START EXERCISE DATA

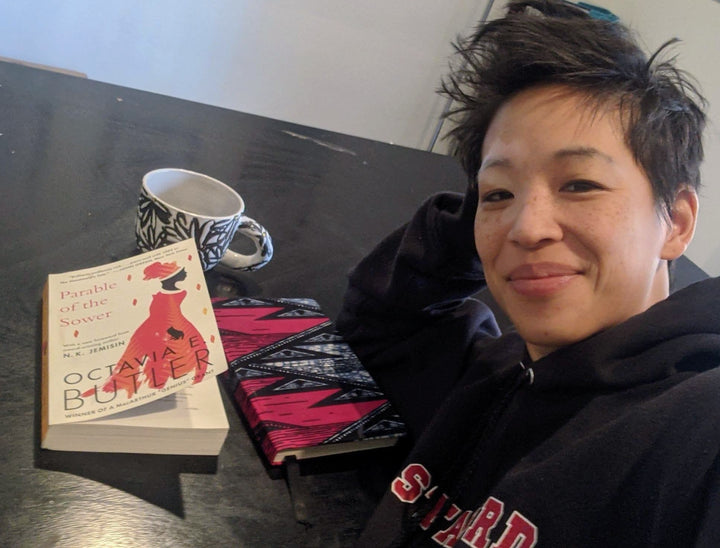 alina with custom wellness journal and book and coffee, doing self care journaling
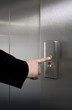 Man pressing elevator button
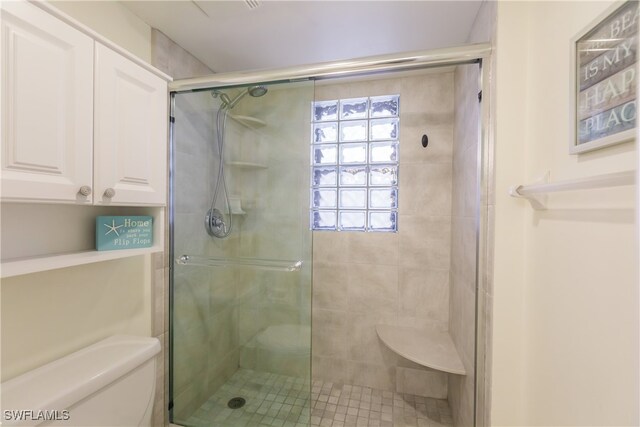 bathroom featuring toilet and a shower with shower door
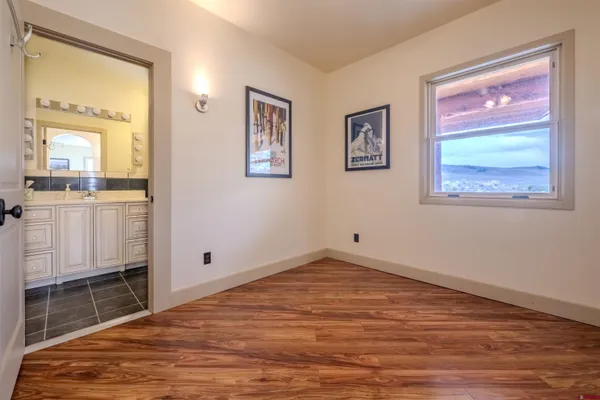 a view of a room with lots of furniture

END EXERCISE DATA
START EXERCISE DATA

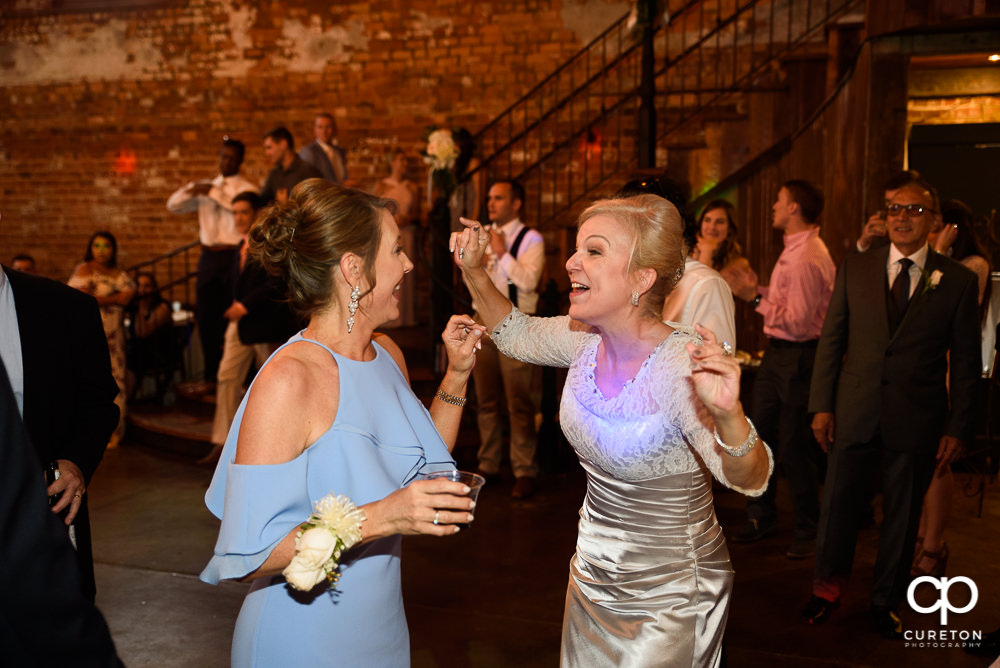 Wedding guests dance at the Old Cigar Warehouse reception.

END EXERCISE DATA
START EXERCISE DATA

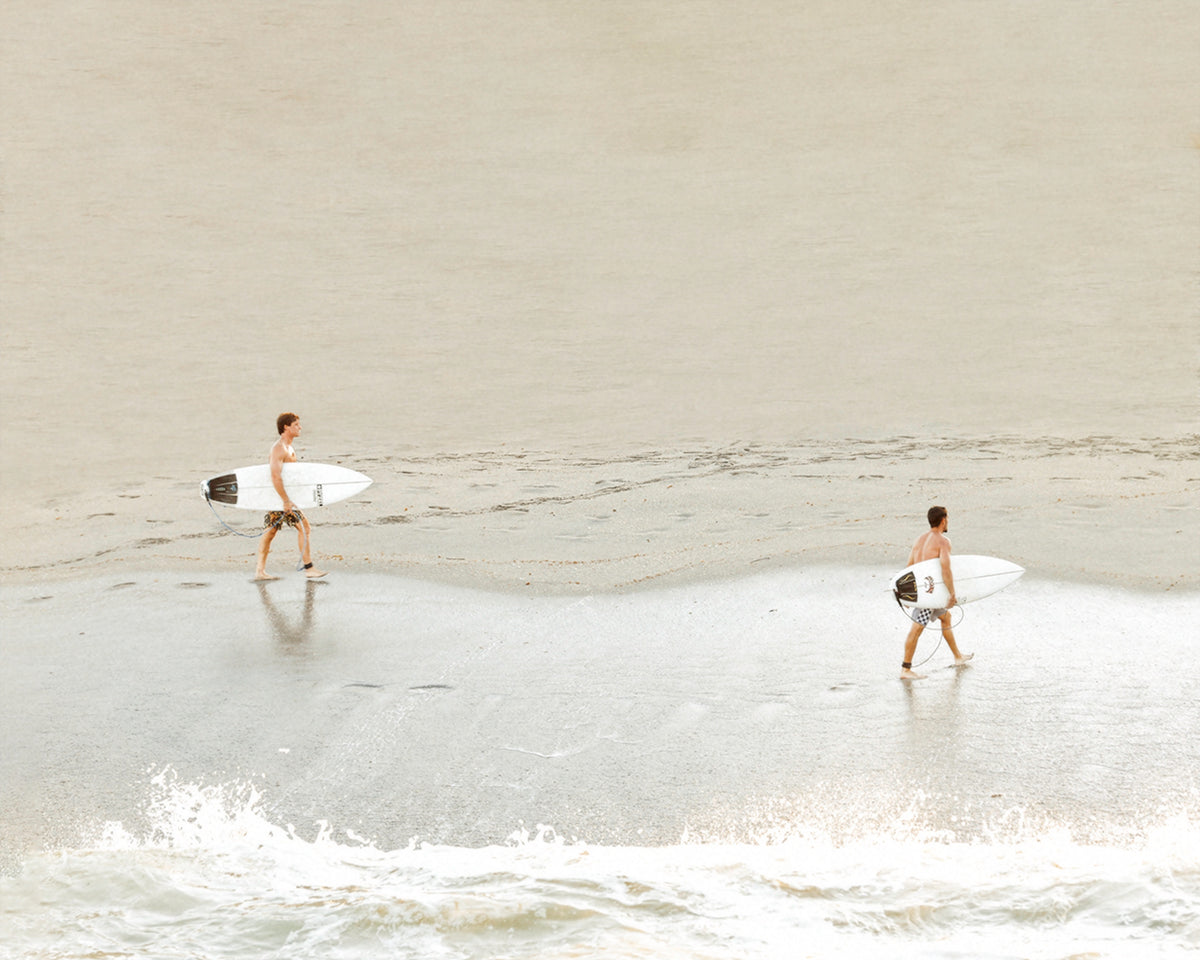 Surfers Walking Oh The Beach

END EXERCISE DATA

• [WHAT IS NEEDED]: With the pictures left out, write out exactly the lines above from the one containing "alina with custom" through the one containing "a view of a room with lots of furniture".

• [REPLY]:
 alina with custom wellness journal and book and coffee, doing self care journaling
 Man pressing elevator button
 bathroom featuring toilet and a shower with shower door
 a view of a room with lots of furniture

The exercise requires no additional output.